We head outside, with transportation appearing in the form of a helicopter flying overhead. Using the Batclaw, our hero zips skyward, getting clear view of the city. Detective Mode vision kicks in and we see the criminal population of Arkham City. They're everywhere. Some are armed. Civilians are in peril, an offer of a potential side mission. As Batman's gaze turns toward the bell tower, we still see the glowing trajectory of the bullet, pointing us to our destination.
Batman leaps from beneath the helicopter, diving toward the church, targeting a quartet of Joker's thugs. He power dives into a painful looking throat grab. That's one down. Then three more, including one heavily armed Joker lackey that requires a dizzying flurry of punches to beat down.
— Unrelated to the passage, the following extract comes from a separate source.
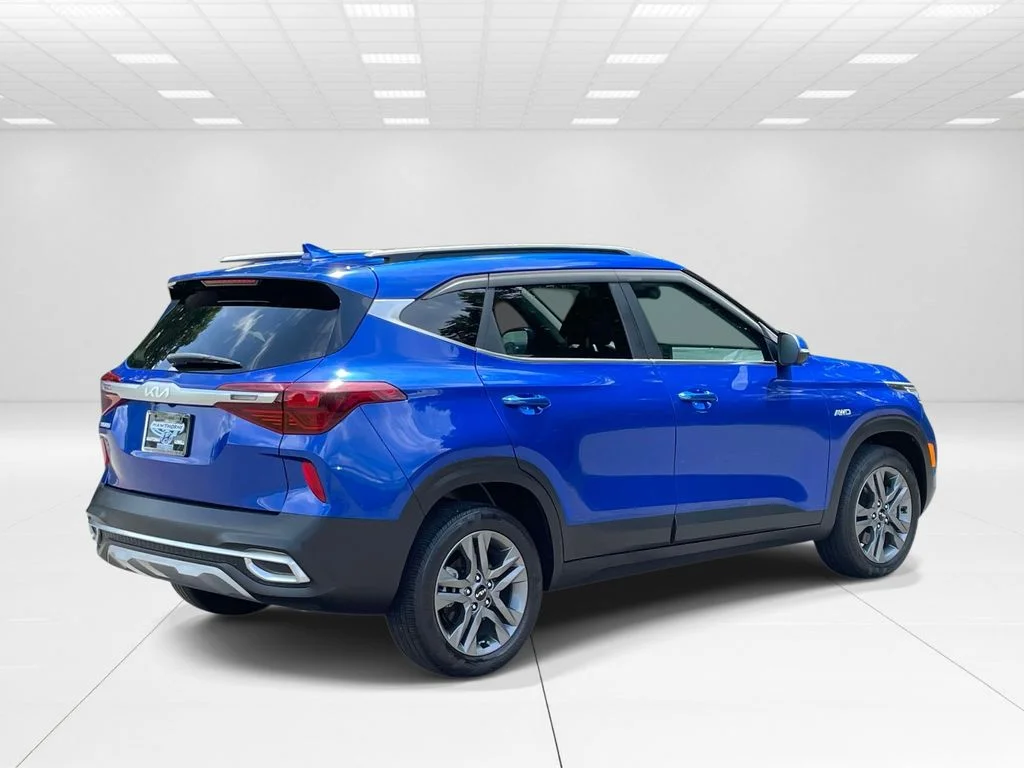 Used 2023 Blue Kia S image 6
Into the church, we meet up with Harley Quinn. She attacks with a poorly thought out flying kick and is tossed aside by Batman. A real threat, four heavily armed bruisers, guns drawn, all have Batman in their sights. It's a standoff. Tensions rise and the four begin to bicker. Batman drops a smoke bomb and makes his escape, leaping to the rafters and surveying the situation from above.
In Detective Mode again, we get a lay of the land. The four have split up, two have taken hostages. Batman's inner thoughts about his strategy to defeat Joker's thugs inform the player of one way to deal with the threat.
We see a new trick Batman has learned. No longer does he need that explosive gel to break through weak walls. He's strong enough to do it himself, bursting through a confessional wall and yanking out a thug. The rest go down with silent takedowns and drop attacks. It's thrilling to watch, gorgeous to look at.
Batman heads to the top of the bell tower, discovering that, no, the Joker is not actually there. The only evidence of his involvement are a pair of mannequins, dressed like the Joker, each with a television for a head. The sniper rifle is remotely controlled, we learn, but thanks to Batman's bag of tricks, we pick up the frequency that controls it. A new lead for the great detective to follow.
Our demo ended with an explosion and a tease of things to come, leaving us wanting to see more—so much more—of Rocksteady's highly impressive Arkham City.